What is the essential element in your art?

Time… I don’t’ mean it in strictly photographic terms. What is essential is that I need to feel outside of time, and it's also contemplation on the nature of time and the artist's [an individual's] place within it. How to link finite time with the flow of time, with infinite time, with its fertility and fruitlessness? A single photograph is a historical moment that unites the inner world of the present culture in which I, as an artist, find myself: and it is an extended time. Not surprisingly, I'm interested in everything from turn-of-the-century processes, polaroid films, digital and camera-less technologies; in the re-cycling of discarded film and found images—cyclic time. It’s a bit like watching the light in the morning—afternoon–evening–night cycle. I become aware of a complex temporal interweaving I am part of. Yet, even though I use historical references in my work, I am not constrained by the limitations of historical replication. Instead, I combine fiction with reality, the past and the present. My photographs are not merely a nostalgic journey into the past, but a look at the present through ‘a rearview mirror’ in order to see what’s coming.

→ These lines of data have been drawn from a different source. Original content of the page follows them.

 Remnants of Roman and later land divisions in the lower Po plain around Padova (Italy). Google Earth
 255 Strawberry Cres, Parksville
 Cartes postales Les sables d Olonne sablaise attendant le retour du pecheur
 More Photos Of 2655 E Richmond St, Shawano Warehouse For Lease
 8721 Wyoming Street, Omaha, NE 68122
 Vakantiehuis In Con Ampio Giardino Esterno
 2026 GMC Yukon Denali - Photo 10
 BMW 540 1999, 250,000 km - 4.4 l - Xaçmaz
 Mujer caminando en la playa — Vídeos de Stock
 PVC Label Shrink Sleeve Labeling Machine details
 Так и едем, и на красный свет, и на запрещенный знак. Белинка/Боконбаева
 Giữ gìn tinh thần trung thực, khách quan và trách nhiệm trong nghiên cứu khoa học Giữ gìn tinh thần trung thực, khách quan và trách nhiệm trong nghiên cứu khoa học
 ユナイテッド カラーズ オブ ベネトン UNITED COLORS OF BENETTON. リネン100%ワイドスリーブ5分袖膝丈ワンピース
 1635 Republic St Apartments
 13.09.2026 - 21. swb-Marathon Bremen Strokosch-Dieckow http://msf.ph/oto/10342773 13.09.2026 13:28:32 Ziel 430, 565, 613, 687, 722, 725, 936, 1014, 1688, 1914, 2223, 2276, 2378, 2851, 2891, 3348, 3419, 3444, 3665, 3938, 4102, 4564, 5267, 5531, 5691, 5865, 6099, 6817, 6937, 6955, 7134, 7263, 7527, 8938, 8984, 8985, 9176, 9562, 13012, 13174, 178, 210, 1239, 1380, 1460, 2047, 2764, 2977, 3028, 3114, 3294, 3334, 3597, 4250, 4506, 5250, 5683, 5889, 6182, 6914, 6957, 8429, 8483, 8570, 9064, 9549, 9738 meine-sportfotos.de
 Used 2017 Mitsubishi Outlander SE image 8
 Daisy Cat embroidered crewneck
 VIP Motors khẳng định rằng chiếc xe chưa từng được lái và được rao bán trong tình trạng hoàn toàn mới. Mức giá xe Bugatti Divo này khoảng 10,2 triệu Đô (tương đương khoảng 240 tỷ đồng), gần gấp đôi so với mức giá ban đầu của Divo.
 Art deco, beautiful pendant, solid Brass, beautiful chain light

In your opinion, what role does the artist have in society? 

Like other visual arts mediums, photography is a potent tool. Technically speaking, it is one of the simplest mediums to master, which is why it gained so much popularity. The bad news is that it is one of the most difficult mediums in which to develop an artistic vision. In fact, the technology that allows so many ways of capturing has let us know how much has been lost. That is one of the reasons that many of my photographs seem to be made by someone who's already dead. That's the astonishing thing, the way the living and the dead are blurred, and the reason why artists like Michelangelo or Goya are just as immediate to me as artists who are working today. It takes time to enter and appreciate their work on a level being beyond being an art tourist, so that it becomes part of the body.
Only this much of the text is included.